Keene State College seniors come to the realization of just how much they will be paying back in student loans as graduation quickly approaches.

Dan Kelly, Financial Aid Specialist said, “This event is for loan repayment and consolidation. Kids can come and sit down, if they registered they can get a printout of their loan history and then we would provide that for them her if they didn’t register they can just sign in and we can provide that for them later.”

“We’re just going to talk about defaulting on your loans, how not to default, payment methods and consolidation,” Kelly said.    

KSC senior, Kirsten Licht said, “I don’t know if I’m more stressed [after the presentation], but it’s not helping, it doesn’t help anything.”

KSC student, Jake Allen said, “It was definitely more overwhelming.  I think just because it seems very skimmed surfaced, which I guess is the point, but at the same time it left me with more questions than answers.”

Allen said that most of his loans are private and that he expected more coverage of those private loans opposed to so much information on just federal.          

The student loan presentation for students took place in the Mountain View Room in the L.P. Young Student Center on April 21 and 22.

Deborah Nichols, the associate director of Financial Aid, presented to KSC students different ways to pay their student loans after they graduate.

Nichols opened up the presentation by explaining what NSLDS is, which she said was the National Student Loan Data System.

She said she advises students to go to the NSLDS website and enter their personal pins to view their personal loan information because it is important to know your balance.

She also added that is a website that has a repayment calculator for students to figure out how much they are going to owe in loans.

Nichols then went on to explain what a Loan Servicer is — who students pay their loans to.

Nichols made it a point that the customer service representatives at Loan Servicers are often difficult over the phone.

“Sometimes you can get a cranky one, so if you get a cranky customer service rep, you just say ‘Yeah?
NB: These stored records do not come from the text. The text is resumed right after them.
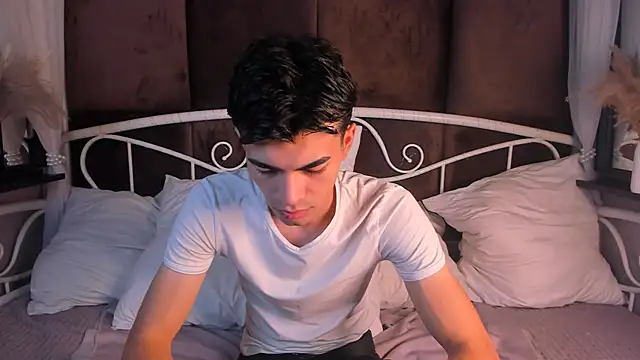 Snapshot of JaremyHarris chatting on October 2025 08:41:01 PM JaremyHarris online show from October 2025 08:41:01 PM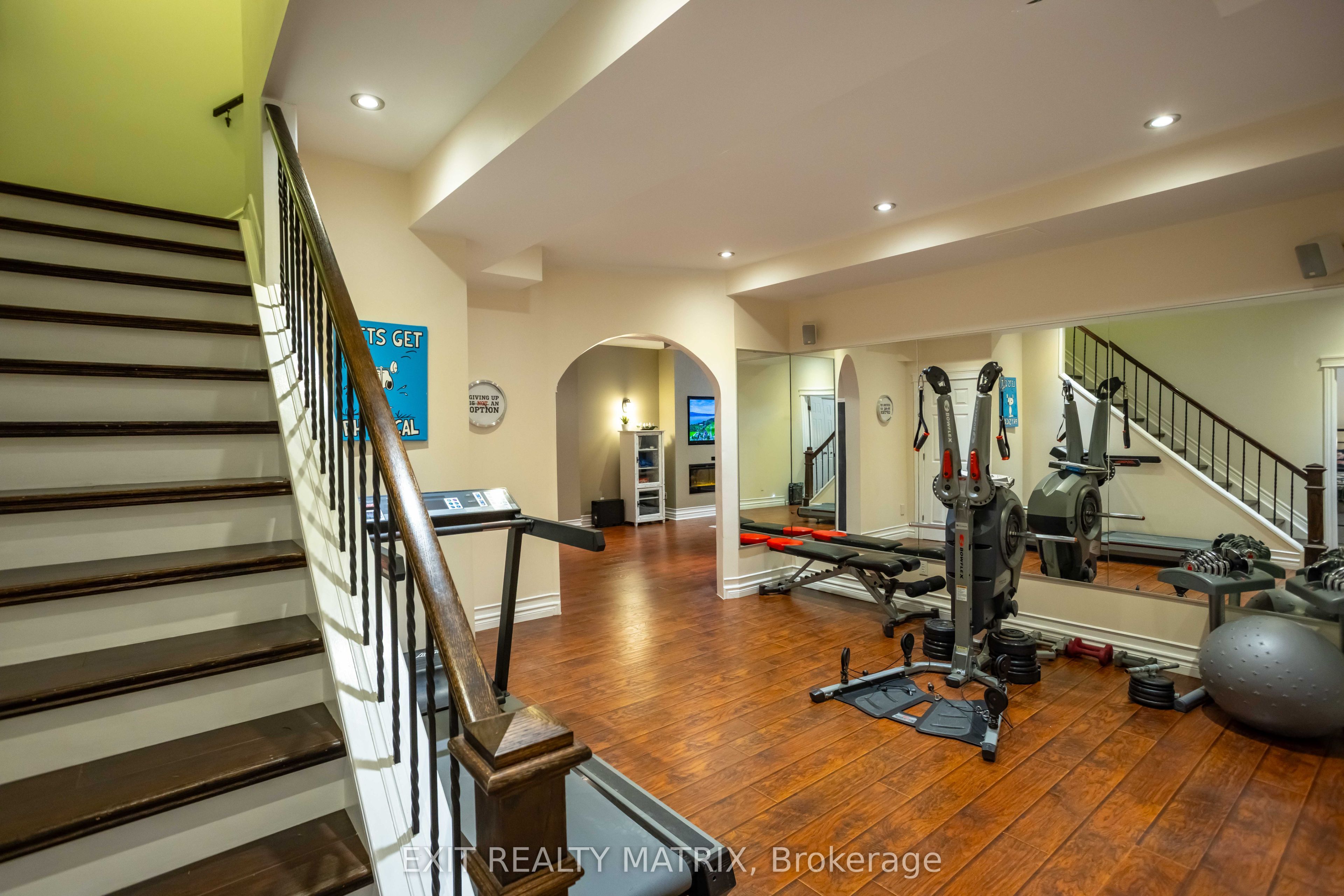 48 De La Rive Drive Property Photo 34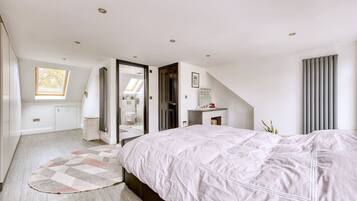 Desk, iron/ironing board, travel cot, WiFi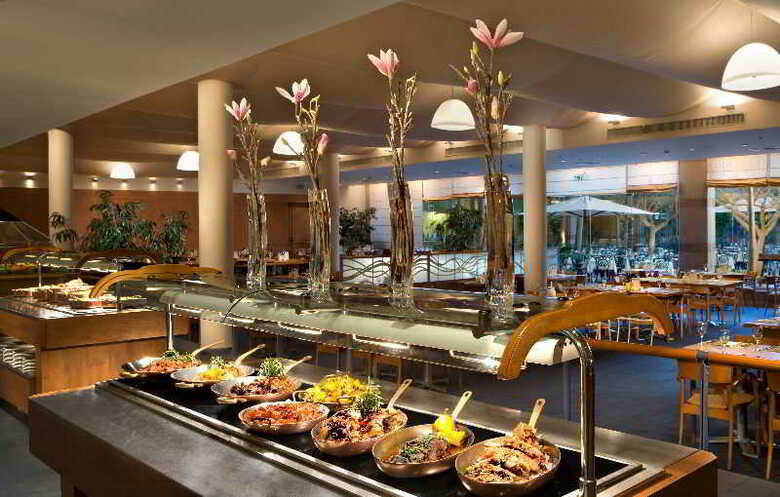 Isrotel Royal Garden All-suites Hotel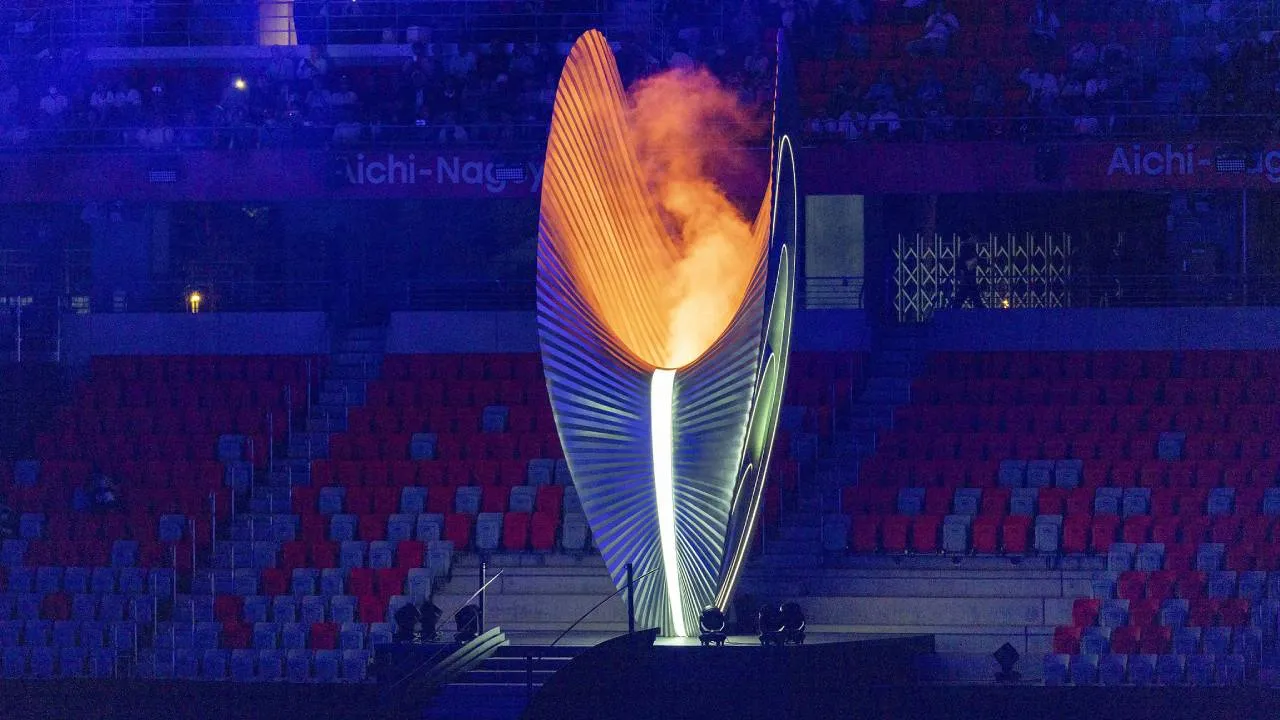 Obor Asian Games Aichi-Nagoya tampak menyala selama penyelenggaraan. (Foto: AP)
Okay,’ hang up and redial. They really have a bank of about a hundred sitting there so hopefully you won’t get a cranky one again,” Nichols said.

She made it clear in that case, students can contact her to receive help dealing with the Loan Servicers because she receives school servicers instead of student services.

Nichols went on to explain the difference between subsidized loans and unsubsidized loans.

Subsidized loans are loans that the government pays interest on while students are in school and unsubsidized loans are loans where the borrower is responsible for interest, Nichols said.

She also added that most of the students who attended the presentation had subsidized loans.

Nichols presented a slide that showed that students pay minimally 9,000 dollars in interest overall.

Nichols went through the many different payment plans that undergraduate students can pick to being repaying their loans after their grace period.

A grace period is usually six months or nine months, depending on the type of payment plan you have, that allows graduated students to find a job to begin paying back their loans Nichols said.

“The school reports that you graduated on a certain date and six months afterwards, you start repaying,” Nichols said.

Nichols explained if you fail to pay your loans it is called default. She said default results in delinquency.

“After six months, if you fail to make payments, you’re a delinquent for two-hundred-and-seventy days,” Nichols said.

Nichols added that the number one reason for default is people failing to inform their loan servicers about changed addresses.